Il parle de Ronsard, des poèmes d’amour, et de Victor Hugo. Miguel Angel Sevilla est venu d’Argentine embrasser les pavés que Hugo a foulés. C’est son père qui le lui a conseillé. S’agissait de ne pas crever la dalle. S’agissait de ne pas crever. Il est venu avec son désir de philosophie et la dictature de son pays natal l’a poussé à l’exil. Mais il a gardé le tango et la voix de poètes comme celle de Juan Gelman. Et le souvenir d’un enfant endormi dans la rue : « Mets-le debout, enlève ton chapeau / Avec grâce devant lui, / Avec respect ».

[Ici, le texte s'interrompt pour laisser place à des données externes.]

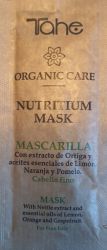 Tester- Prírodná hydratačná maska NUTRITIUM pre jemné a suché vlasy (10 ml)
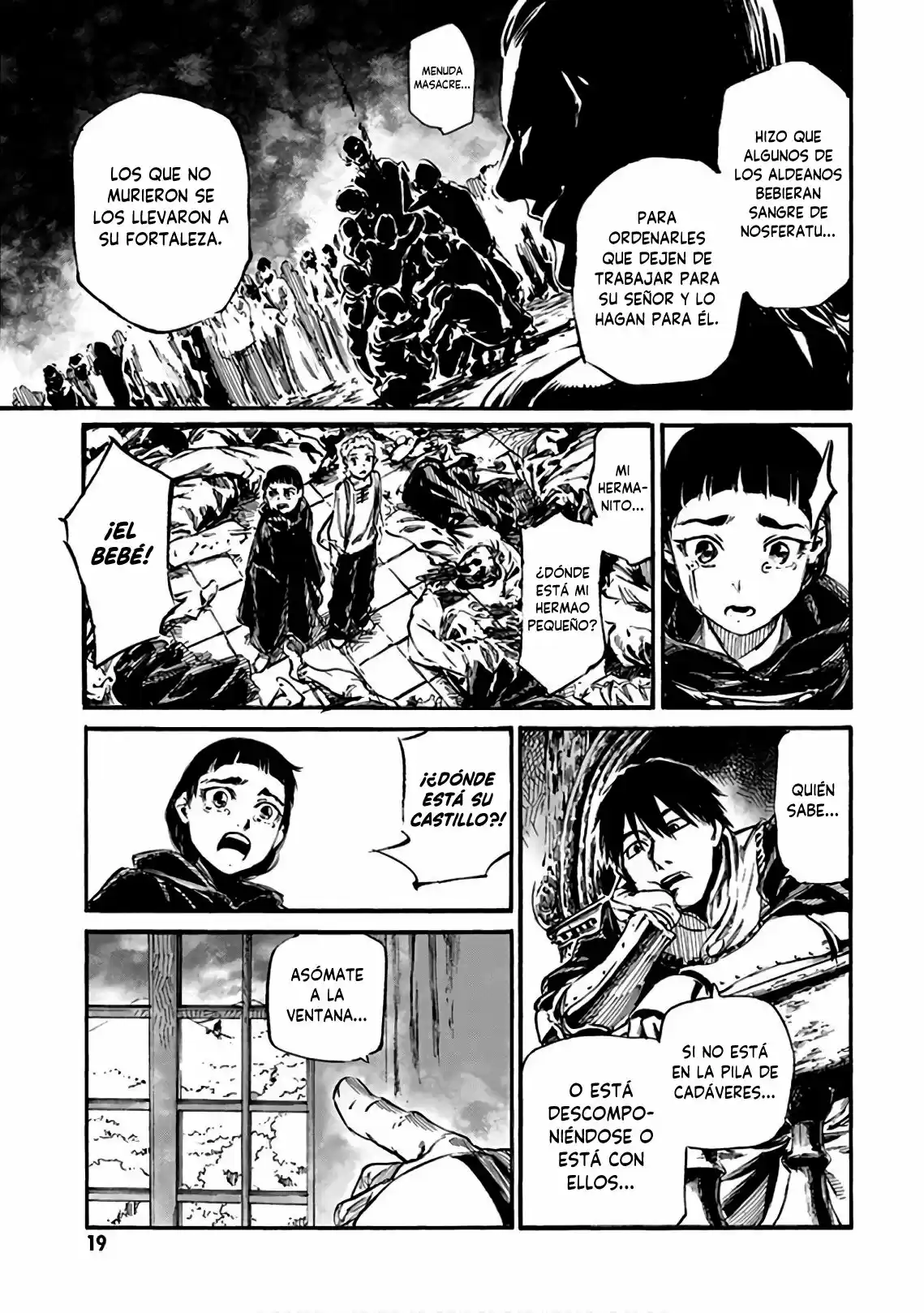 Shuumatsu No Sadako-san - Capítulo 6 - Página 20 - LectorTMOo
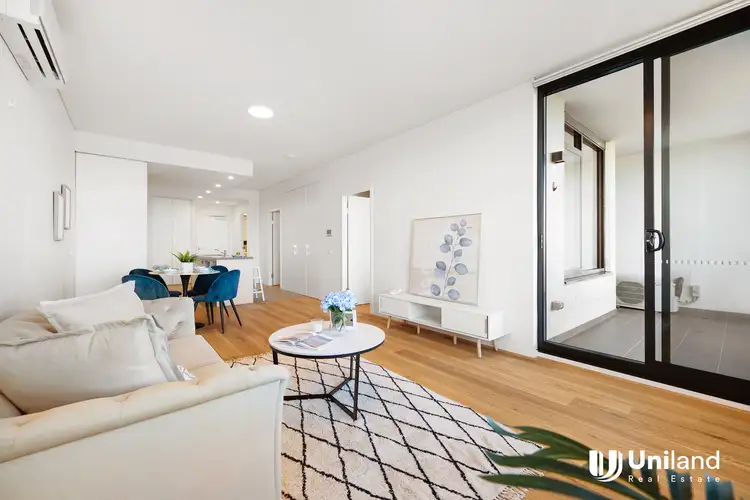 Sixth view of Homely apartment listing, 723/21-37 Waitara Avenue, Waitara NSW 2077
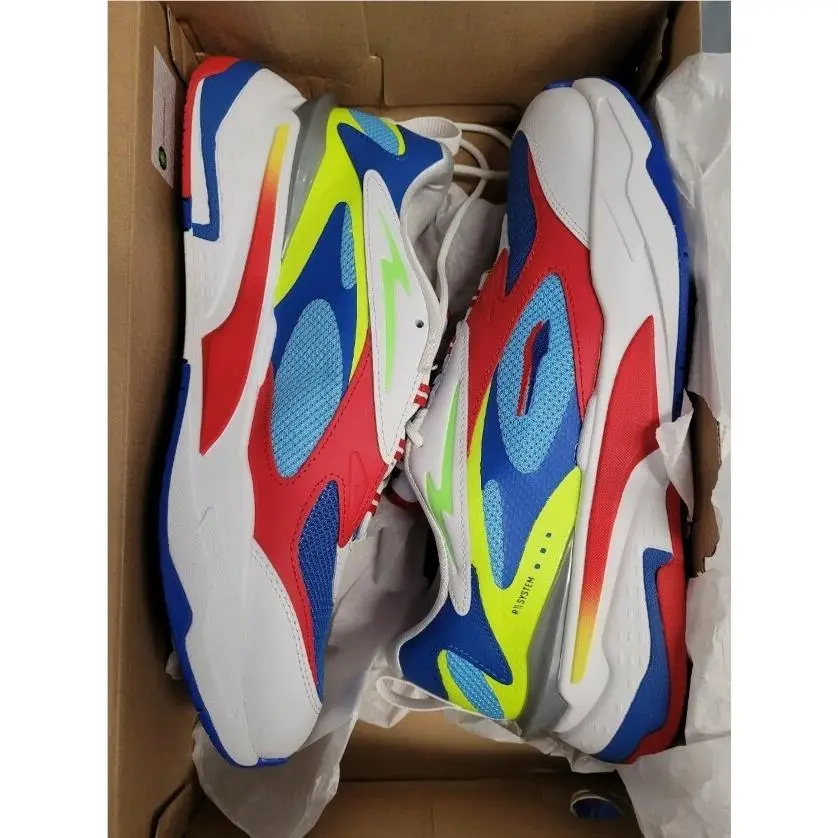 Puma shoes - Puma RS Fast Raceway - Fast Raceway - 383515 01 - Multicolor 4
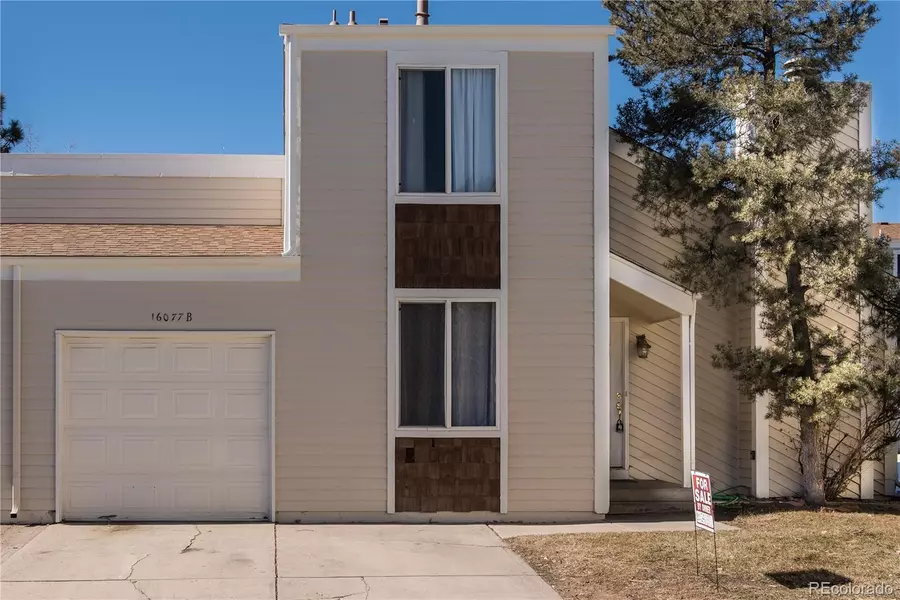 16077 E Rice PL #B, Aurora, CO 80015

Miguel Angel Sevilla dit être né poète et rend hommage, de poème en poème, à tous ceux, à toutes celles qu’il n’oublie pas : un oncle qui s’est jeté dans un puits, « un puits de Séville qui est au milieu d’une place », une petite fille qui vendait des fleurs rue Mouffetard, Malek Oussekine, une jeune femme qui dansait le tango, et même « l’arbre (qui) vole / Dans l’oiseau qui le quitte ».
C’est un homme de théâtre et sa présence s’impose devant nous avec une telle modestie qu’on a l’impression que c’est la poésie qui a pris la voie de sa bouche et qu’il s’est laissé habiter par elle, qu’il s’est voué à elle. Il écrit : « La voix me monte à la bouche baiser / Dans lequel je péris par le fait de dire ».
La poésie, la rue, l’exil, c’est la même chose pour lui, « le terrain de tous et de personne ».